Wyckoff no decía nada, y el conde prosiguió:

—Naturalmente, no tengo idea de quién la mató, ni de por qué ni cómo lo hicieron. No tengo la menor idea de por qué usted, Wyckoff, habría de querer echar tierra al asunto, ni de por qué algunos de los otros habían de estar tan ansiosos por ayudarle. Ni siquiera me interesa averiguarlo. Creo haber expuesto mi posición con claridad. Si mi mujer se comporta como es debido no tomaré ninguna medida. Pero si, impulsada por un rencor muy impropio de una dama, trata de crearme dificultades (se encogió de hombros), yo les crearé dificultades a ustedes.

Aunque carecía de cualquier otra cualidad, el conde era al menos franco. Y su franqueza pareció haber sometido a todos, excepto a su mujer.

Janet había estado escuchándolo estupefacta y furiosa. De repente, dijo:

—Que nadie se deje engañar por él. Todo es una ridícula farsa. Sabe que yo podría meterle en la cárcel por tentativa de robo y quizá también por el proyecto de asesinarme. No hace más que fingir para asustarme. No tiene ni la más mínima prueba.

—Claro que no tengo pruebas, mi querida Janet. —El conde se volvió en su silla para obsequiar a su mujer con su sonrisa más continental—. Pero hay una manera muy simple de demostrar si tengo razón, ¿no? Lo único que debo hacer es comunicar mis sospechas a la policía, y el resto lo hará una autopsia.
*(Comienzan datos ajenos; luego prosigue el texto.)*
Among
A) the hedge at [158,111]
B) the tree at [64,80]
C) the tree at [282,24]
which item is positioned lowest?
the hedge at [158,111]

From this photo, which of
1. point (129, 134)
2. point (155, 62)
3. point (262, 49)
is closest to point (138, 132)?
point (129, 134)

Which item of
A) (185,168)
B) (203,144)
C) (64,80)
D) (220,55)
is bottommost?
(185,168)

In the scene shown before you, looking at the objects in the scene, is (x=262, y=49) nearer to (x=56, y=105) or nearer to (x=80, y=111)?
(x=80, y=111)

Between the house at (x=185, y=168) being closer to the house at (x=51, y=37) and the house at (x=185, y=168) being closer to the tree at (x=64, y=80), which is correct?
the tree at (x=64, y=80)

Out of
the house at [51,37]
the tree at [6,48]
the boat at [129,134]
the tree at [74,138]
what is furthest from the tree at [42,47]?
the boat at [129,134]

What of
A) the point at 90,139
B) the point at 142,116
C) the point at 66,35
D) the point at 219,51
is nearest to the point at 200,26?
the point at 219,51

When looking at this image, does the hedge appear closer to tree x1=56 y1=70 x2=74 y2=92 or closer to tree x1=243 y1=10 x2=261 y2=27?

Nuevamente miraba a Wyckoff, quien le devolvía la mirada con un aplomo que indicaba ya fuera confianza, ya fuera un inmenso autodominio.

—¿Piensa usted pedir una autopsia, conde?

—Tonterías —intervino Janet—. David, no deje usted que le embauque.

Hay algo más. —El conde jugueteaba con el fleco del mantel—. Una vez que hayan descubierto que Dorothy fue asesinada empezarán a buscar motivos. Y cuando vean esa carta, querida Janet, verán que tú tenías mejores motivos que nadie. La esposa despreciada mata a su rival en un furioso ataque de celos.

El rostro de Janet se había teñido de escarlata, matiz que desentonaba violentamente con el color magenta del jersey.

—¡Esposa despreciada! —farfulló.

—Piénsalo. —El conde dejó su servilleta sobre la mesa y se puso en pie—. Tengo la impresión de que serás sensata.

Hizo a Lorraine una ceremoniosa reverencia y se marchó de la galería.